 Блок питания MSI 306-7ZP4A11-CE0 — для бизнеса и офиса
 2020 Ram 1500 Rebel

----

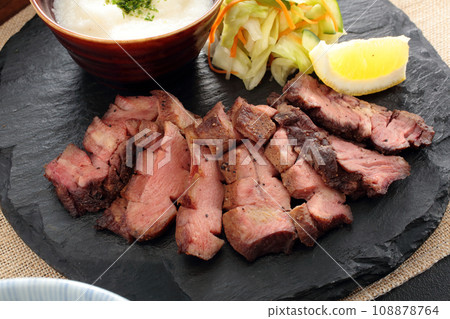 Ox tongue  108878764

----

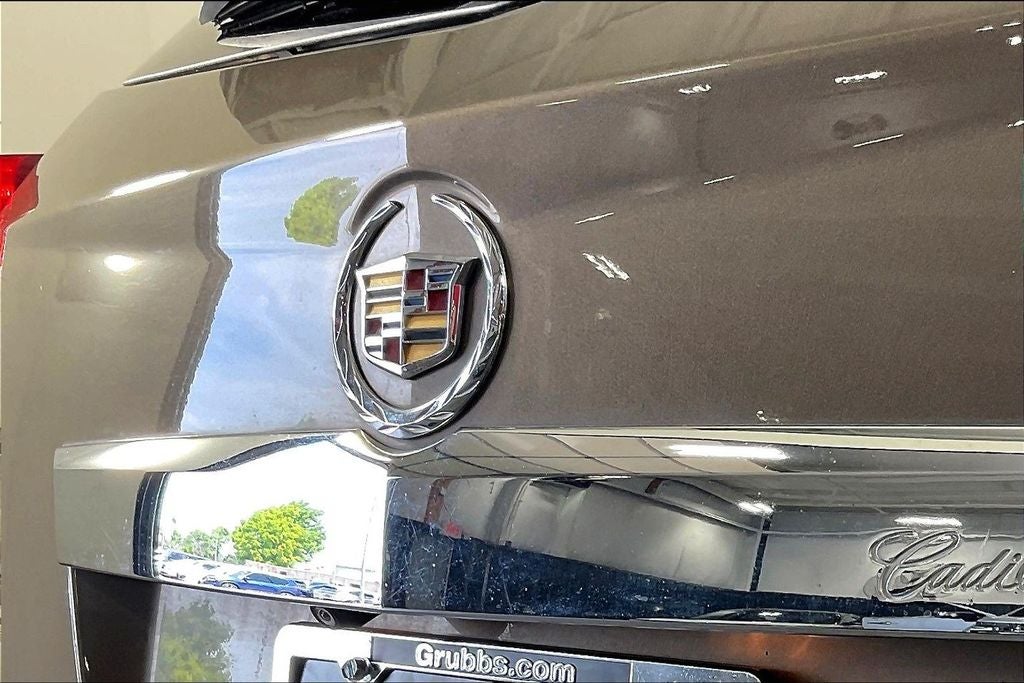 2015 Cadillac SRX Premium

----

◆ YOUR TASK ◆
Repeat exactly the lines above from the one with "Блок питания MSI" up to and including the one with "2020 Ram 1500 Rebel". No other line belongs in the reply.

◆ TASK OUTPUT ◆
 Блок питания MSI 306-7ZP4A11-CE0 — для бизнеса и офиса
 2020 Ram 1500 Rebel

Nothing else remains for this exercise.